The ICDAR 2013 datasets are from the ICDAR 2013 Robust Reading Competition, with 229 natural images for training and 233 for testing. The texts are annotated with character-level bounding boxes, and they are mostly horizontal and well focused.
Demo images of ICDAR 2015.
The ICDAR 2015 datasets are from the ICDAR 2015 Robust Reading Competition, with 1000 natural images for training and 500 for testing. The images are acquired using Google Glass and the texts accidentally appear in the scene without user’s prior intention. All the texts are annotated with word-level quadrangles.
Demo images of ICDAR 2017 COCO-Text.
The COCO-Text is a large scale dataset with 43,686 images for training and 20,000 for testing. The original images are from Microsoft COCO dataset.

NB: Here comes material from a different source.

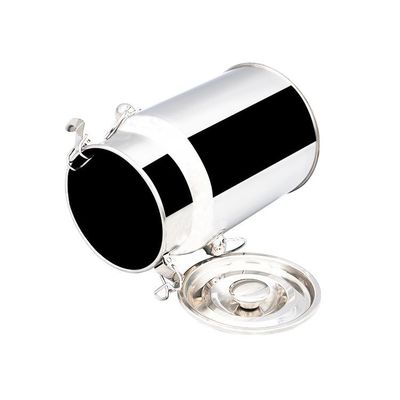 Nhà ủ bia 9L SS Thùng bảo quản có nắp bảo quản sữa trang trại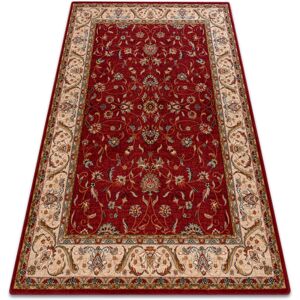 RugsX Wool Carpet OMEGA ARIES Flowers Ruby Red - Rug RugsX Wool Carpet OMEGA ARIES Flowers Ruby Red - Rug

Demo images of ICDAR 2017 MLT.
The ICDAR 2017 dataset on Multi-lingual scene text detection and script identification has 7200 images for training and 1800 images for validation. The dataset is composed of complete scene images which come from 9 languages (i.e., Chinese, Japanese, Korean, English, French, Arabic, Italian, German and Indian) representing 6 different scripts (i.e., Arabic, Latin, Chinese, Japanese, Korean and Bangla). It combines text detection with script identification, and contains much more images than related datasets.